Ketua Yayasan Melati delapan tiga Dra. Maswita Djaja, M.Sc.Psikolog penyelengara Kegiatan saat di mintai tanggapan mengatakan,” Apa itu dengan tindak pidana perdagangan orang (PTPPO) adalah terjadi pada kasus- kasus Human trafficking, dan tujuannya exploitasi atau mengakibatkan orang tereksploitasi, dengan cara pengancaman dan berbagai hal supaya apa yang di inginkan mereka terkabul dengan berbagai cara dengan iming- iming akan di berikan gajih yang sangat besar, dan yang jadi korban adalah anak laki – laki perempuan dan anak di bawah umur, serta korban akan mengalami ganguan fisik dan juga mental terhadap anak remaja yang sudah menjadi korban trafficking,” Ucapnya.

Menurutnya, penyebab terjadinya perdagangan orang itu adalah dari paktor segi ekonomi, pedidikan di bawah standar, gaya hidup yang berlebihan dan kemajuan teknologi memudahkan orang untuk mendapatkan keterbatasan kerja, sementara upaya kita untuk pencegahanya, “Adalah harus di lakukan, hubungan antara anak dengan orang tua, harus lebih harmonis, serta meningkatkan komunikasi dengan pihak sekolah supaya lebih dekat dengan sekolah, serta meningkatkan pemahaman tentang agama,” katanya.

Terpisah Dr. Sukiman, M.Pd, Direktur Pembinaan Pendidikan Keluarga, direktorat pembinaan dan pendidikan keluarga, Kemendikbud menjelaskan,” Dalam kegiatan sosialisasi Pendidikan Pecegahan Tindak Pidana Perdagangan orang(PTPPO) kegiatan tersebut adalah untuk pencegahan ketika menerima informasi dari pihak broker dan di iming- iming pekerjaan dengan gajih besar itu jangan mudah percaya, dan perlu di chek legalitas perusahaannya di harapkan desa ini jangan sampai ada korupsi dan tolong di kawal warga masyarakat jangan sampai ada kasus kasus tindak pidana perdagangan orang, sementara kegiatan tersebut akan di lakasanakan di tiga Kabupaten yakni Karawang Subang dan Indramayu itu Kabupaten yang di anggap rawan,” tuturnya.

Subang Rawan Perdagangan Orang dan Eksploitasi Anak

Di Kabupaten Subang di lakukan di 3 Kecamatan yakni Kecamatan Subang, Kecamatan Cibogo, dan terahir di Kecamatan Kalijati, dan mari kita jaga jangan sampai anak- anak kita jadi korban.
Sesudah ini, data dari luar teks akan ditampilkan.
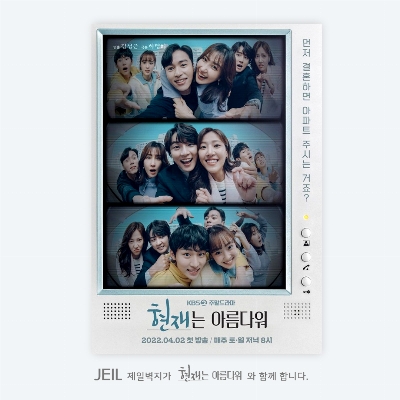 현재는 아름다워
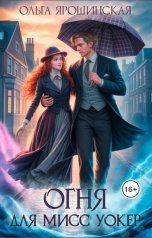обложка книги Ольга Ярошинская "Огня для мисс Уокер!"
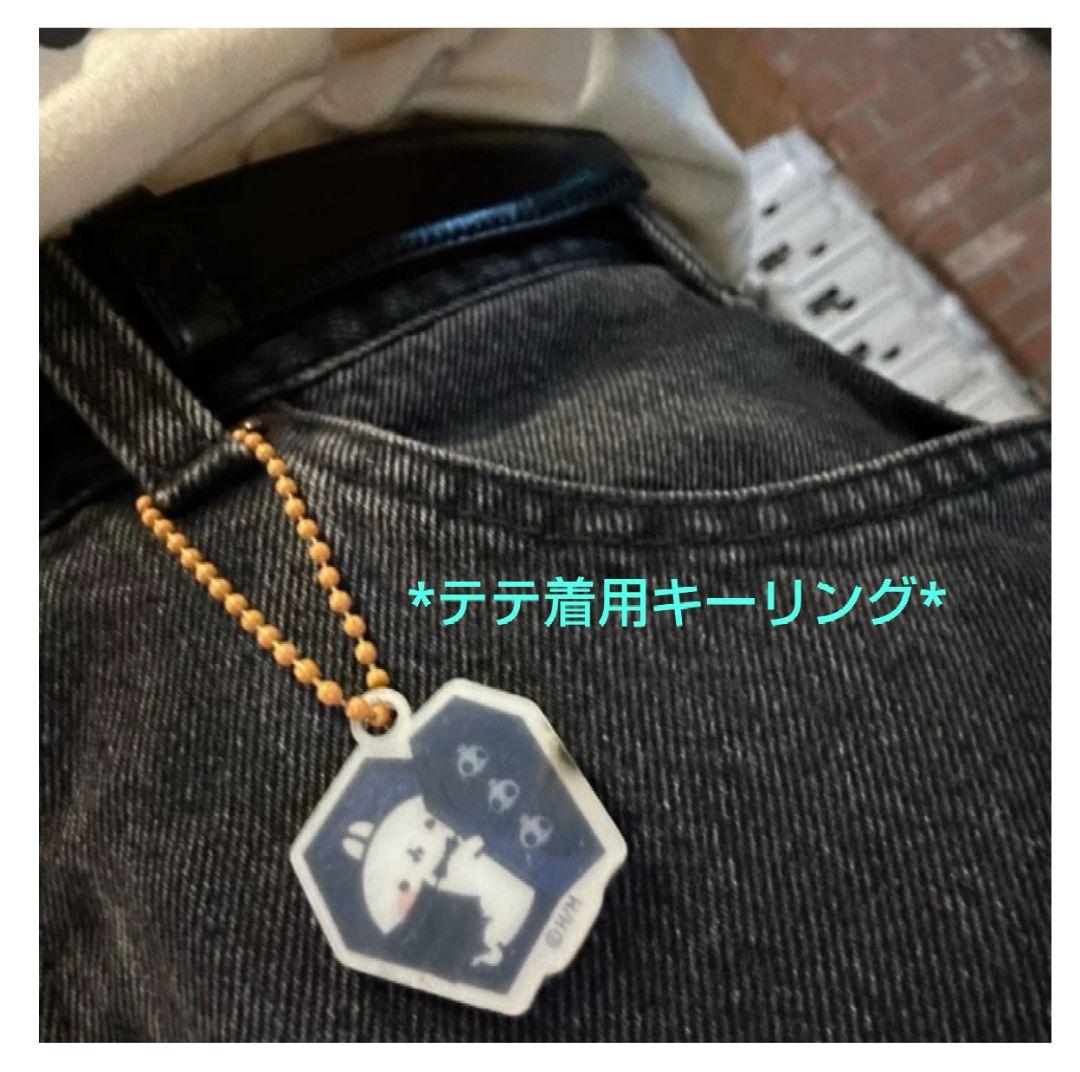 JUNGKOOK【SEVEN】SHIRT/DESK CALENDAR/キーリング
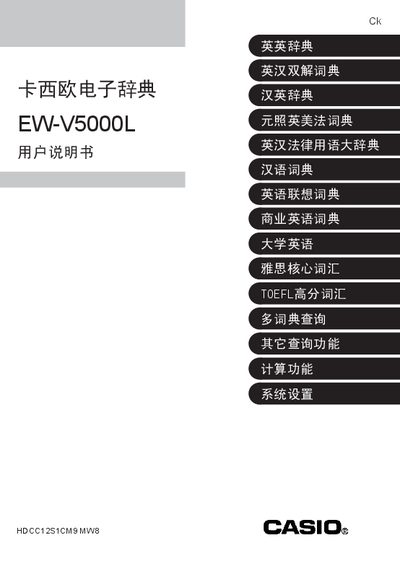 Casio EW-V5000L Electronic Dictionary User Manual - cover page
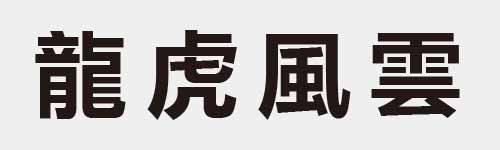 4 characters Idiom and proverb 27 642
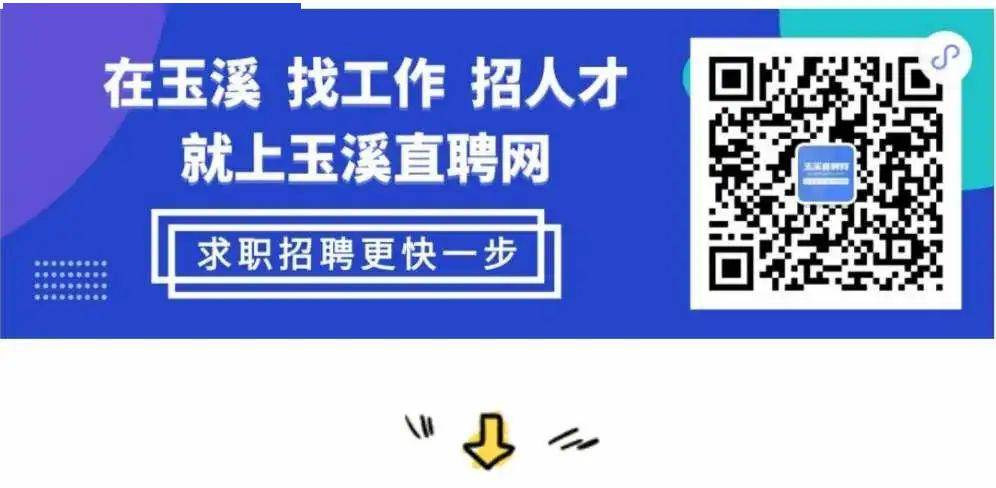 玉溪最新招聘信息及动态更新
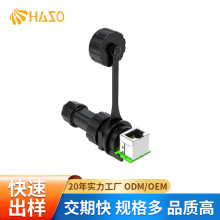 IP67网络防水转接头连接工业级器耦合器面板式网口百兆对插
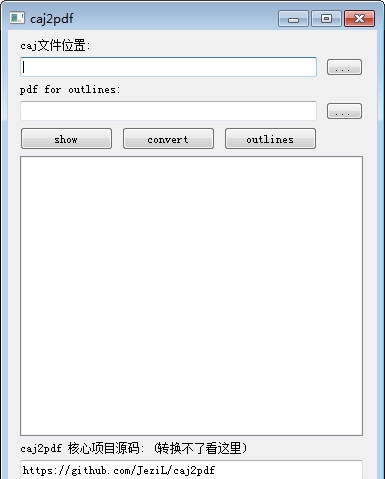 caj2pdf(CAJ转PDF软件) v0.8 caj2pdf(CAJ转PDF软件) v0.8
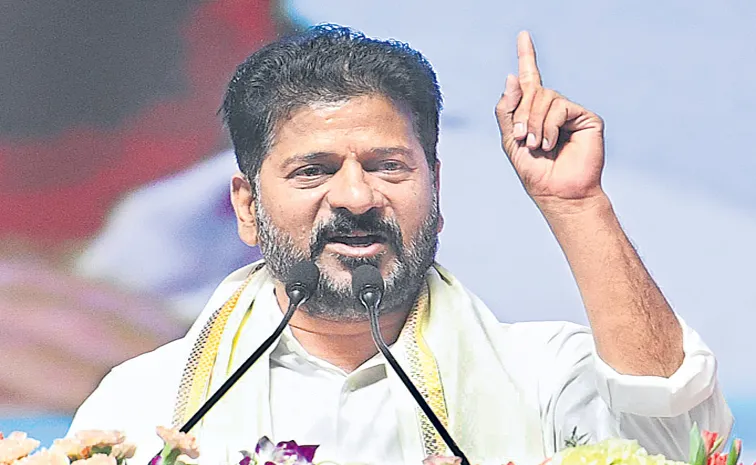 CM Revanth slams PM Modi for chanting saving mantra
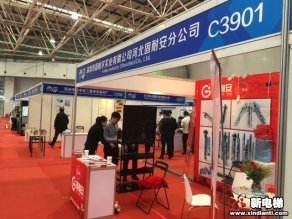 深圳市固耐尔实业有限公司河北固耐安分公司2019廊坊展台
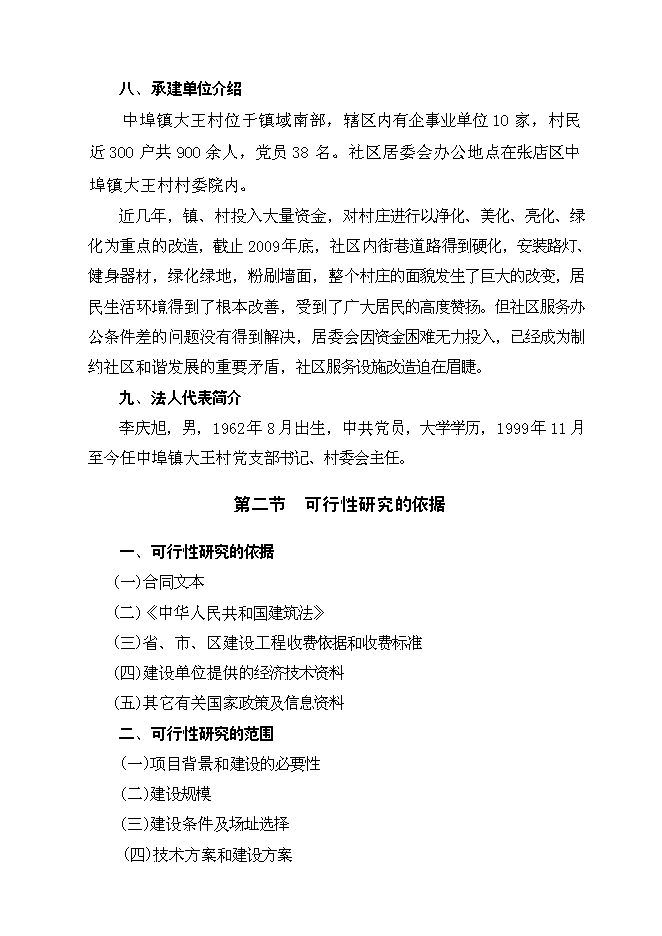 （終稿）農村社區服務中心改建新增項目投資立項申報計劃書.doc（最終版）預覽圖（2）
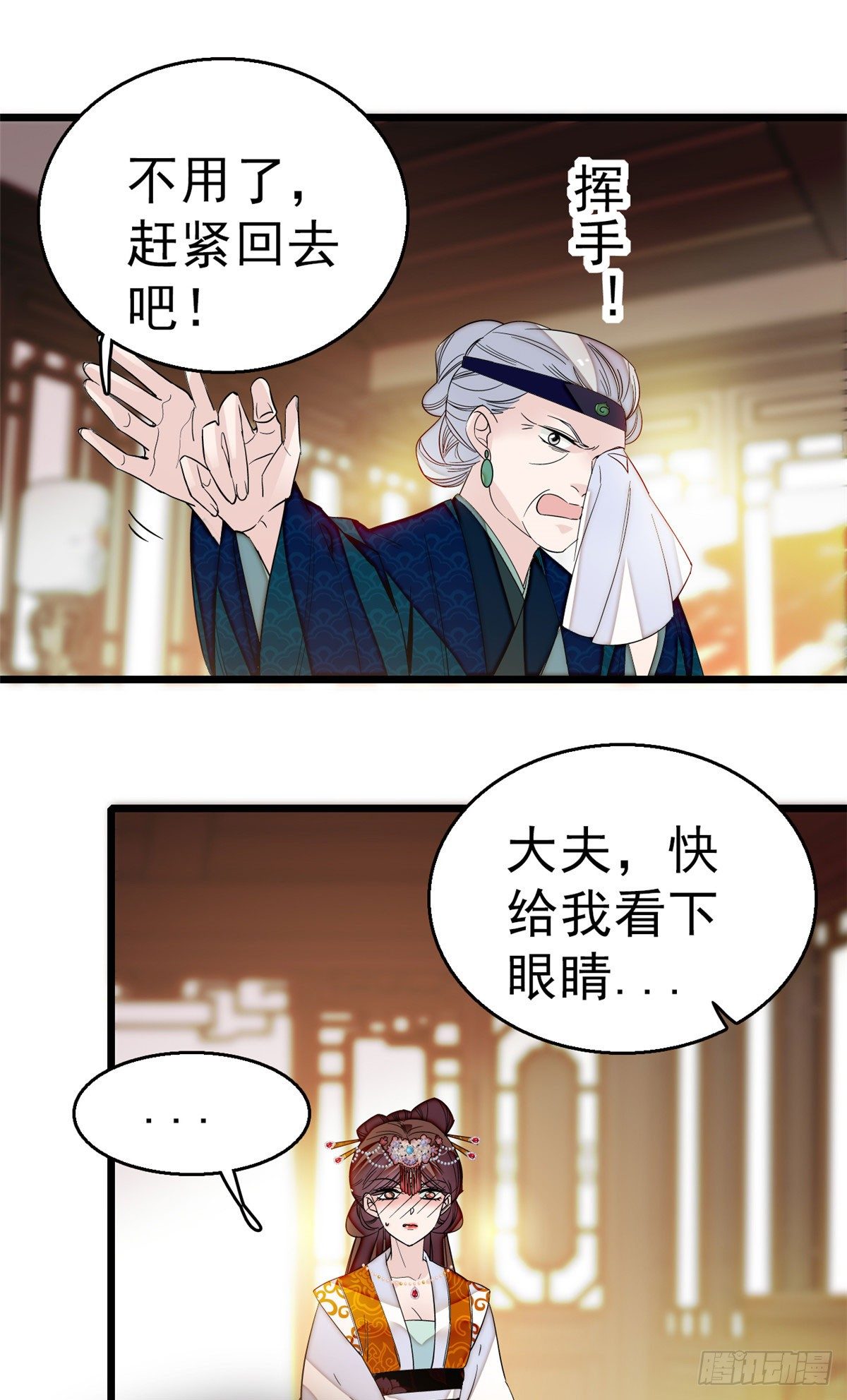第28话 失明37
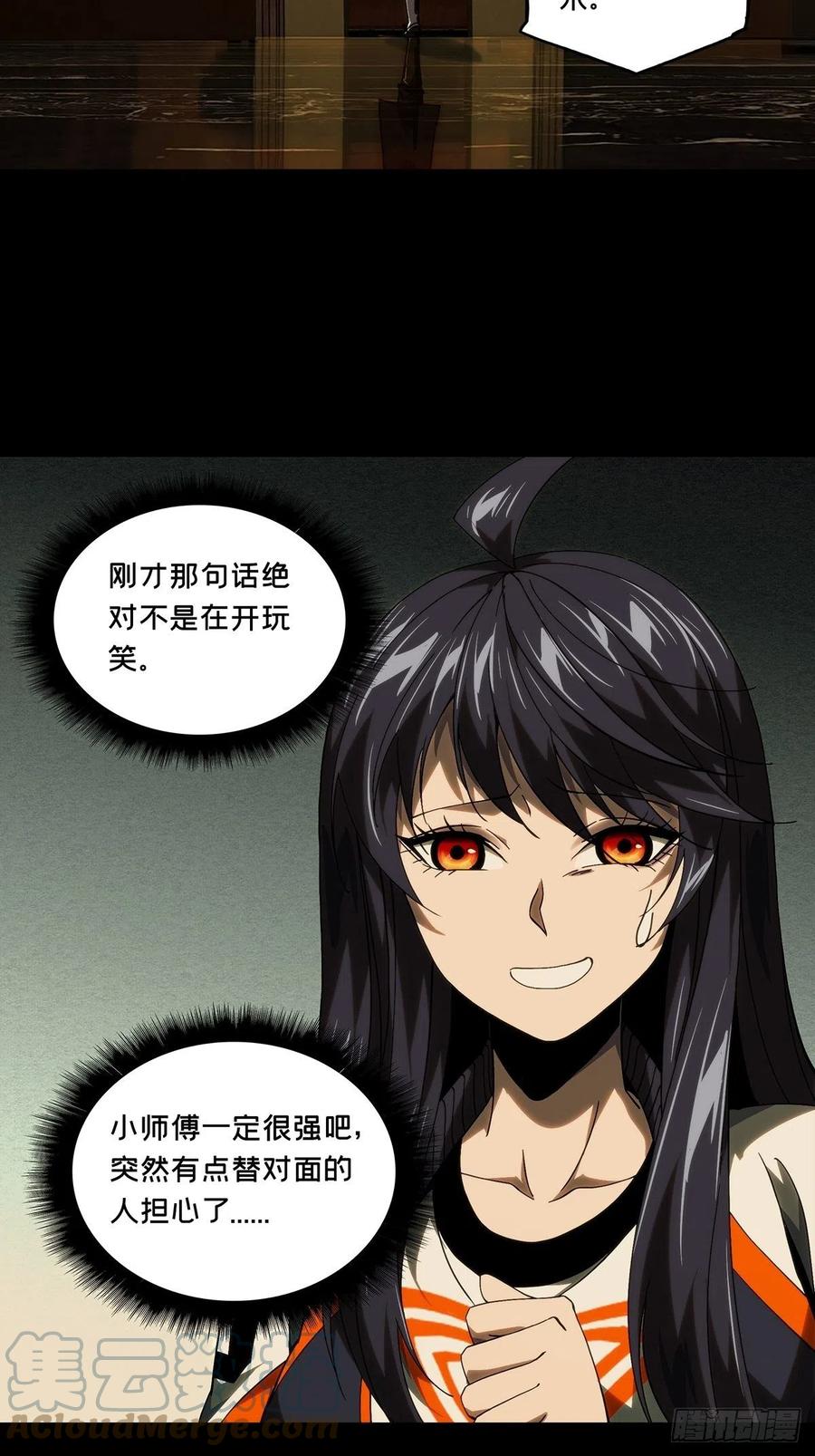 大象无形 第一百八十三章_察觉中 第25页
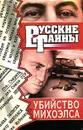 Убийство Михоэлса - Виктор Левашов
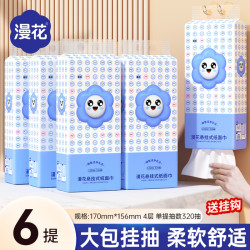 漫花 加厚悬挂式抽纸320抽便携面巾纸大包便携底部抽餐巾纸抽纸面巾纸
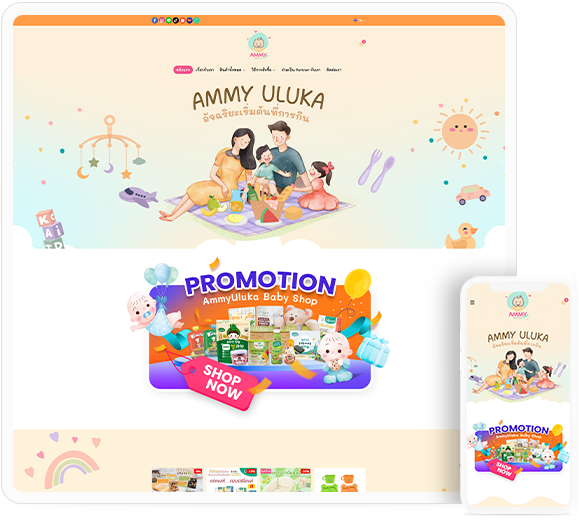 Ammy Uluka website, a store selling mother and baby products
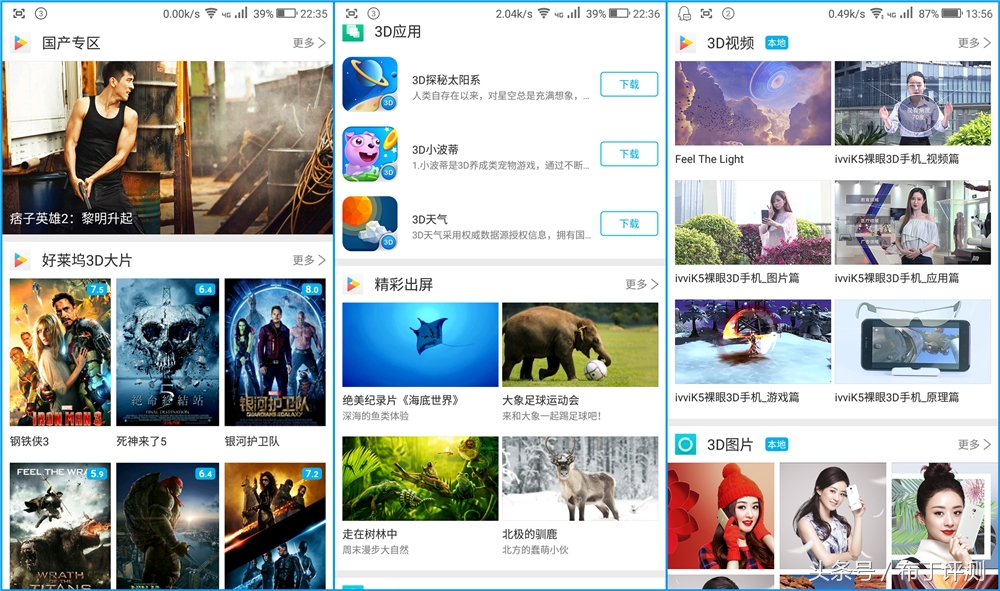 效果最好的裸眼3d手机,裸眼3d屏幕效果最好的手机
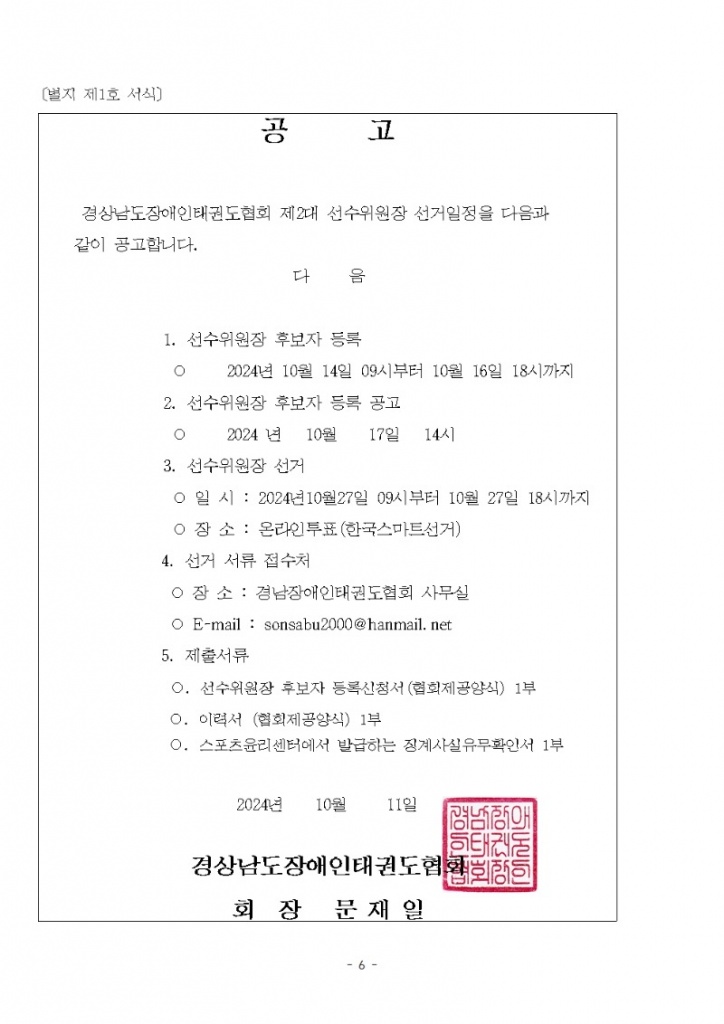 선수위원장선거공고.jpg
Gambaran perdagangan orang, serta tujuan ekploitasi adalah pelacuran, kerja pakasa, perbudakan, kekerasan, seksual, transaksi organ, untuk dewasa apabila salah satu dari unsur proses dari tujuan di atas terpenuhi maka dapat di kelompokan sebagai TPPO tindak pidana perdagangan Orang, sementara anak di bawah usia 18 tahun apa bila salah satu dari unsur proses dan unsur tujuan terpenuhi meskipun tidak melalui unsur cara, maka sudah dapat di kelompokan sebagai Tidak pidana perdagangan orang (TPPO) sementara kasus- kasus yang menjadi korbar adalah remaja dan TKW itu ada 1911 tenaga kerja wanita anak- anak 330 kemudian laki- laki dewasa 270 dan anak- anak 5 dan ini selama 5 tahun ,” Imbuhnya.

Iwan alumni SMKN Cibogo salah satu Korban bekerja di sebuah perusahaan yang tidak jelas legalitasnya mengatakan,”Dia mengaku korban bekerja di sebuah perusahaan dengan di iming- iming gajih rp.3 juta perminggu, pihaknya menyarankan kepada ade- ade yang sudah tamat sekolah SMK jangan mudah percaya kepada inpormasi yang membutuhkan lowongan kerja dan hati hati bila menerima inpormasi,harus jelas legalitasnya perusahaan tersebut, karena saya sendiri pernah menjadi korban iming- iming lowongan kerja” Pungkasnya.